The required result is an exact copy of the lines from the one containing "Чем перекусить на" to the last line of the records, both ends included, without pictures.

*** Provided records ***

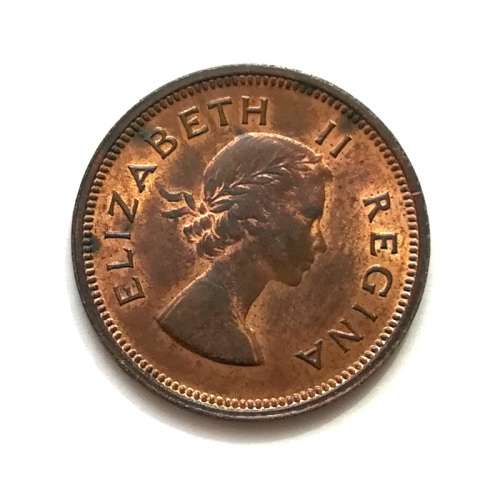 UNION 1957 1/4 PENNY **EXCELLENT**
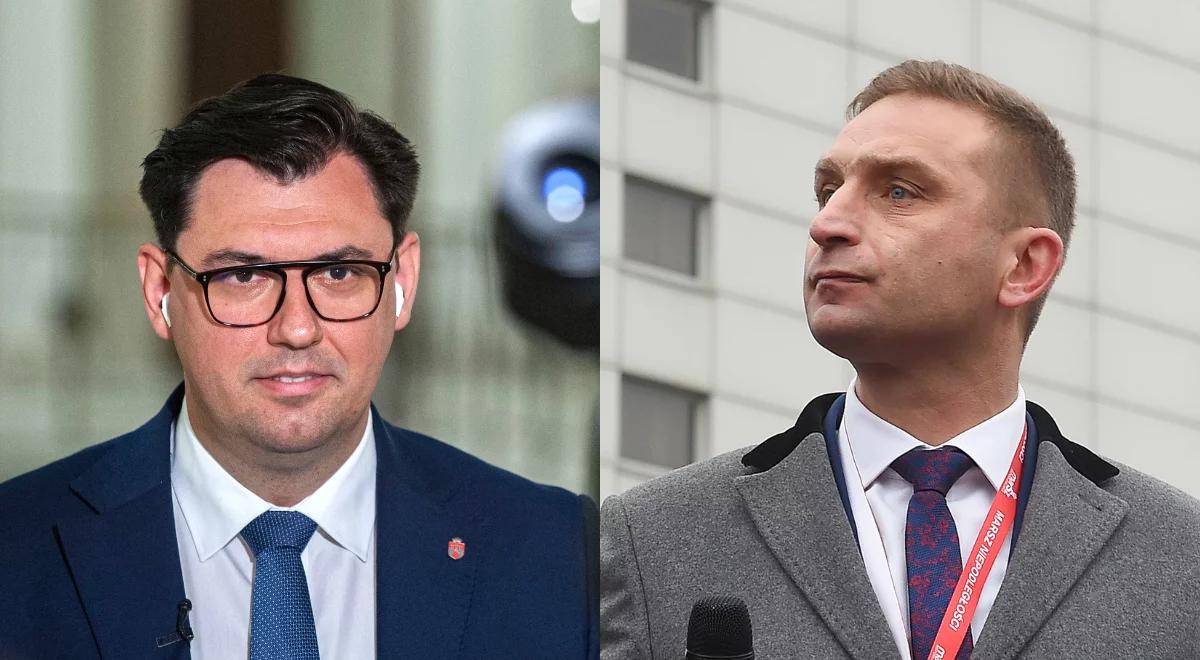 "Nie ma zgody na kłamstwa i manipulacje". Bąkiewicz złożył akt oskarżenia przeciwko Frysztakowi
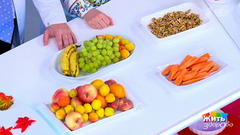 Чем перекусить на переменке? Жить здорово! Фрагмент 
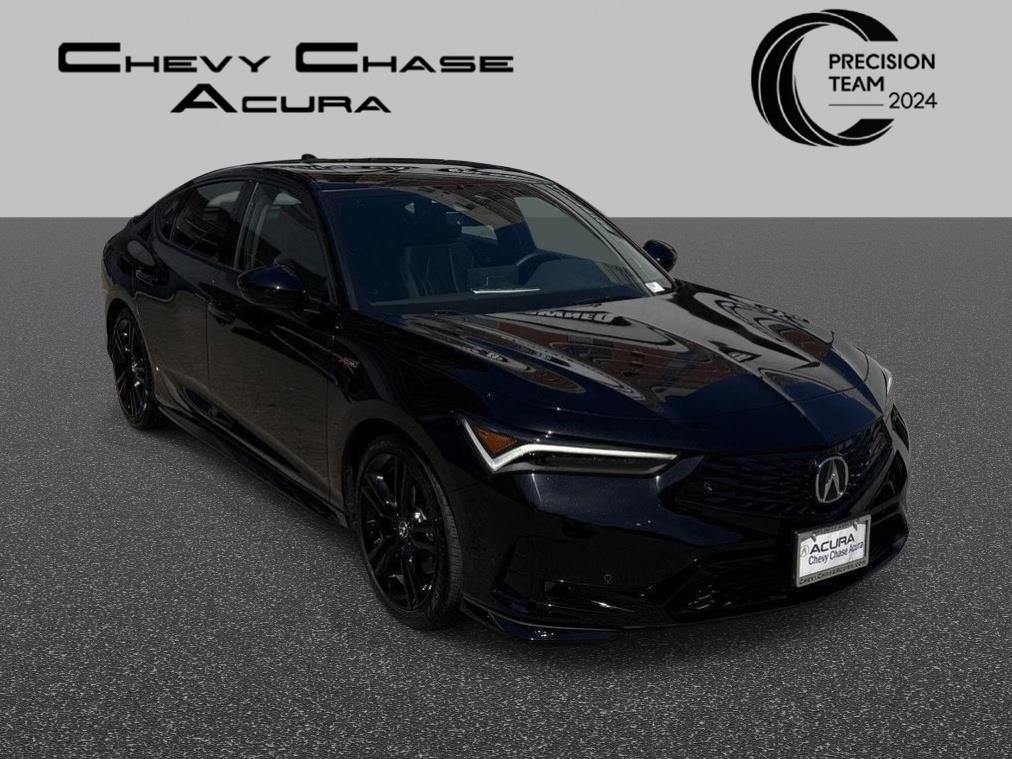 Majestic Black Pearl 2026 Acura Integra FWD with Technology and A-SPEC Package Sedan Front-Wheel Drive 7-Speed CVT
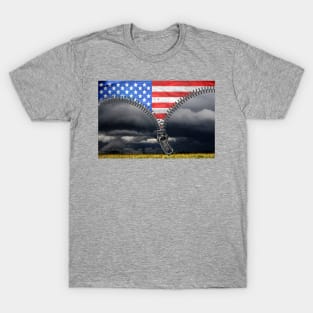 Symbolic of Patriotism Emerging T-Shirt
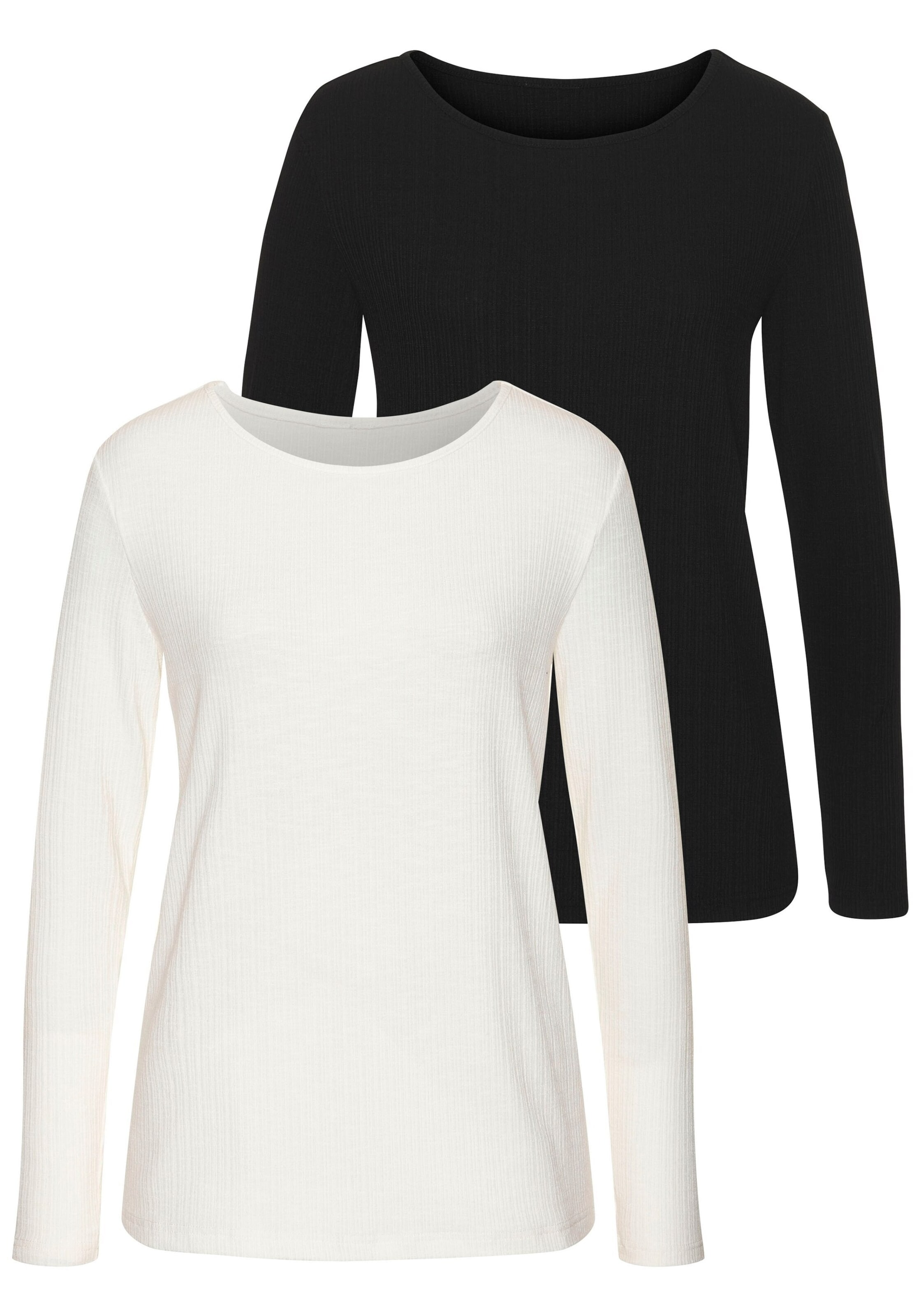 VIVANCE Shirt in Black: front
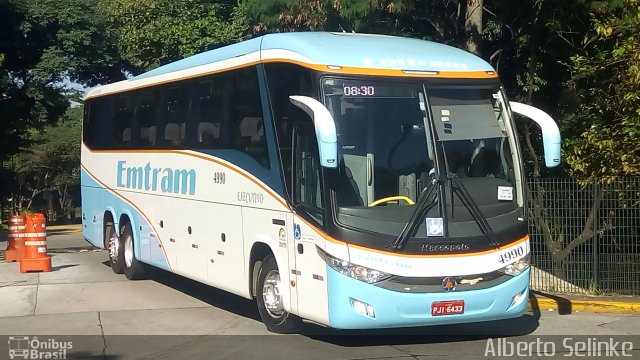 Emtram 4990 na cidade de São Paulo, São Paulo, Brasil, por Alberto Selinke. Número da foto: #5868927.
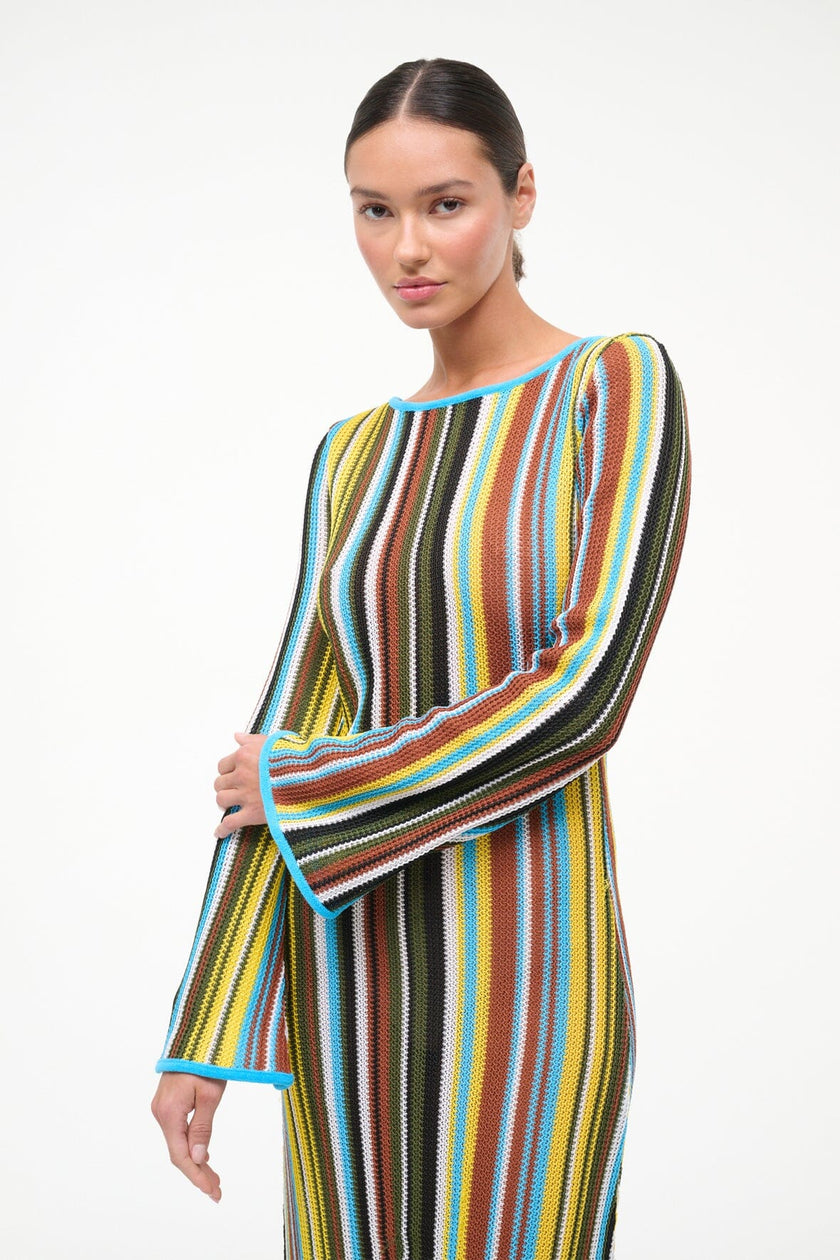 LORENA DRESS  SKATE STRIPE - Image 5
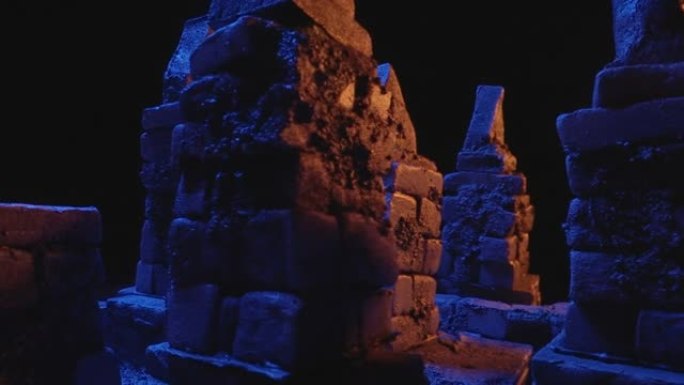 古代地牢背景地下场景背景视频素材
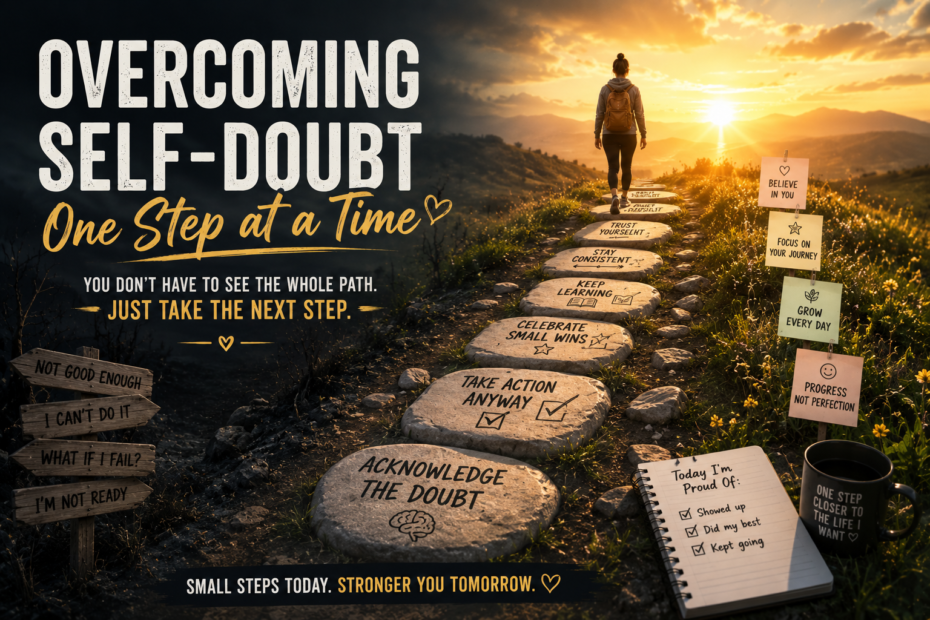 Overcoming Self Doubt featured image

*** End of Provided records ***

Your solution —
 Чем перекусить на переменке? Жить здорово! Фрагмент 
 Majestic Black Pearl 2026 Acura Integra FWD with Technology and A-SPEC Package Sedan Front-Wheel Drive 7-Speed CVT
 Symbolic of Patriotism Emerging T-Shirt
 VIVANCE Shirt in Black: front
 Emtram 4990 na cidade de São Paulo, São Paulo, Brasil, por Alberto Selinke. Número da foto: #5868927.
 LORENA DRESS  SKATE STRIPE - Image 5
 古代地牢背景地下场景背景视频素材
 Overcoming Self Doubt featured image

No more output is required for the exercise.